Material to process:

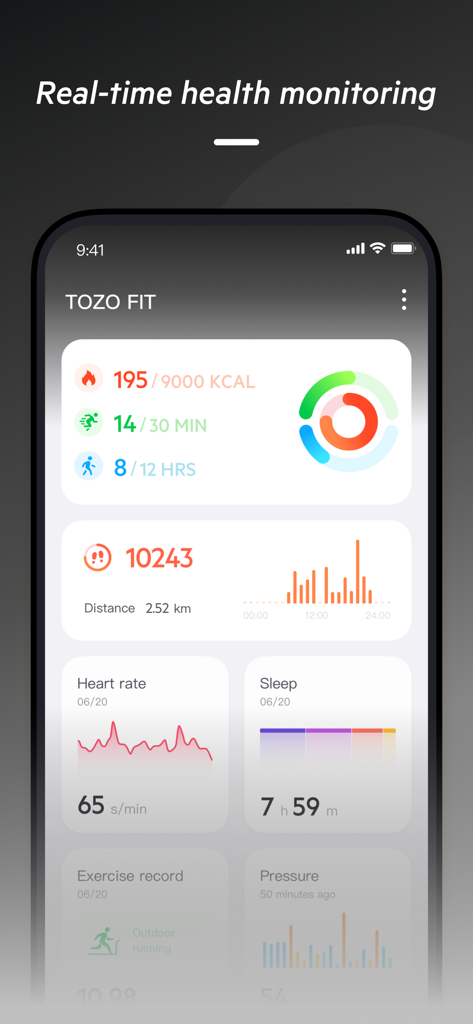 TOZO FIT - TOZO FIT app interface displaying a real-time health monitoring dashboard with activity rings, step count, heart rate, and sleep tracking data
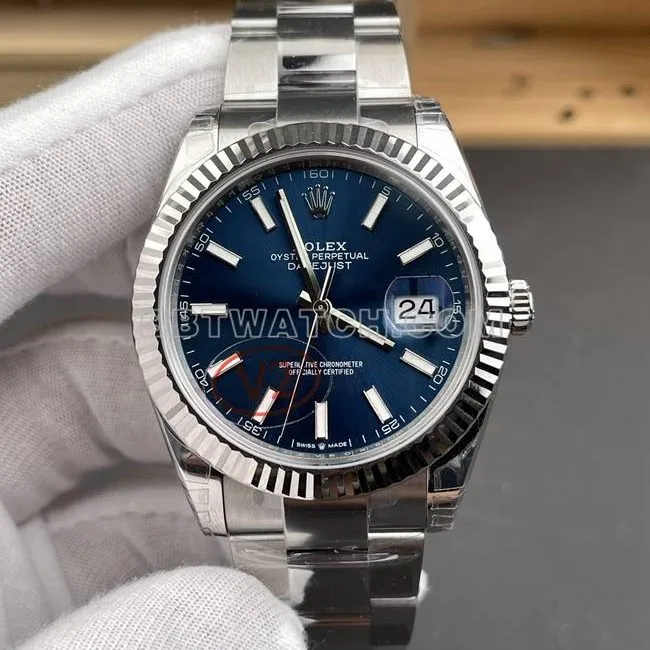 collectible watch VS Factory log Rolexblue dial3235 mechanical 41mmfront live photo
==
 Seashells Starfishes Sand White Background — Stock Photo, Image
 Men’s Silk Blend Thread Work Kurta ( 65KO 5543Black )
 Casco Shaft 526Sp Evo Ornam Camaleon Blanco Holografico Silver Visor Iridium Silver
...
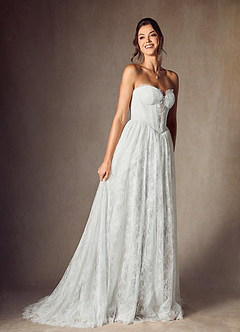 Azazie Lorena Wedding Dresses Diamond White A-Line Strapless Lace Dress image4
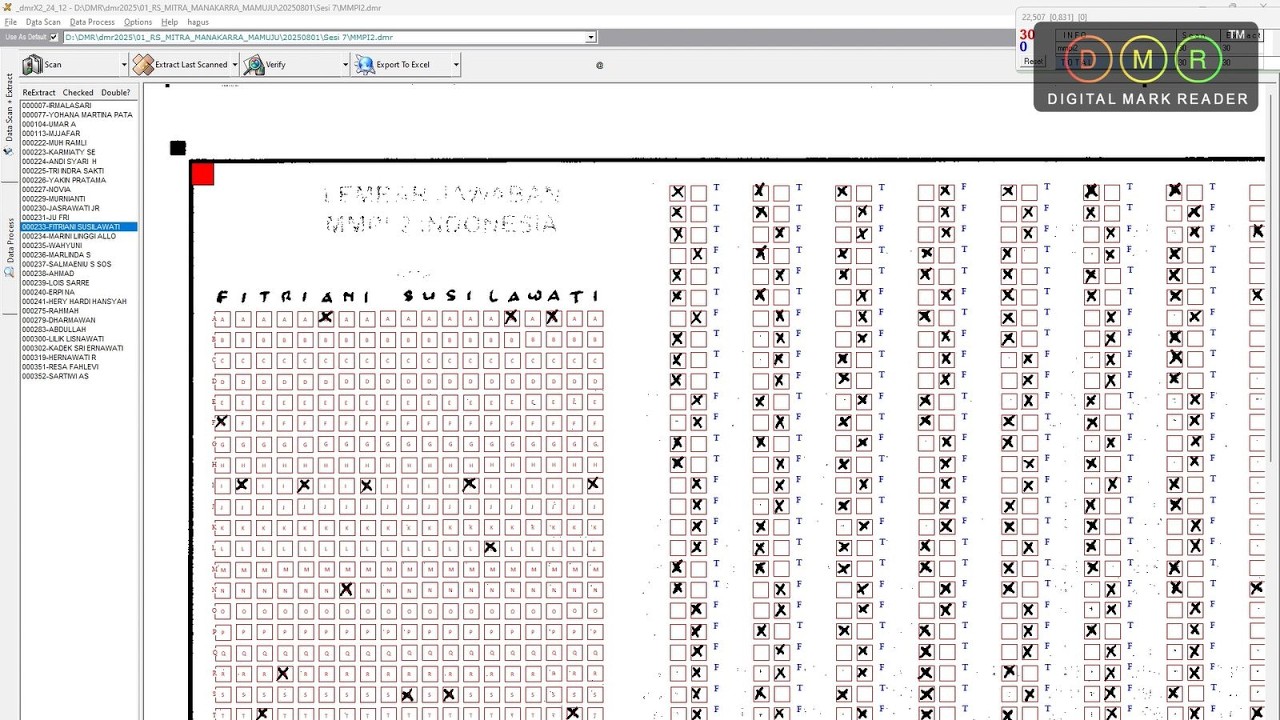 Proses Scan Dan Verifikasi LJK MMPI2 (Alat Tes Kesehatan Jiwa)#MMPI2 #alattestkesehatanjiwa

What you have to do: Look above and copy only the lines from the one holding "Azazie Lorena Wedding" to the one holding "Proses Scan Dan", both included, exactly, minus the pictures.

Reply to the task:
 Azazie Lorena Wedding Dresses Diamond White A-Line Strapless Lace Dress image4
 Proses Scan Dan Verifikasi LJK MMPI2 (Alat Tes Kesehatan Jiwa)#MMPI2 #alattestkesehatanjiwa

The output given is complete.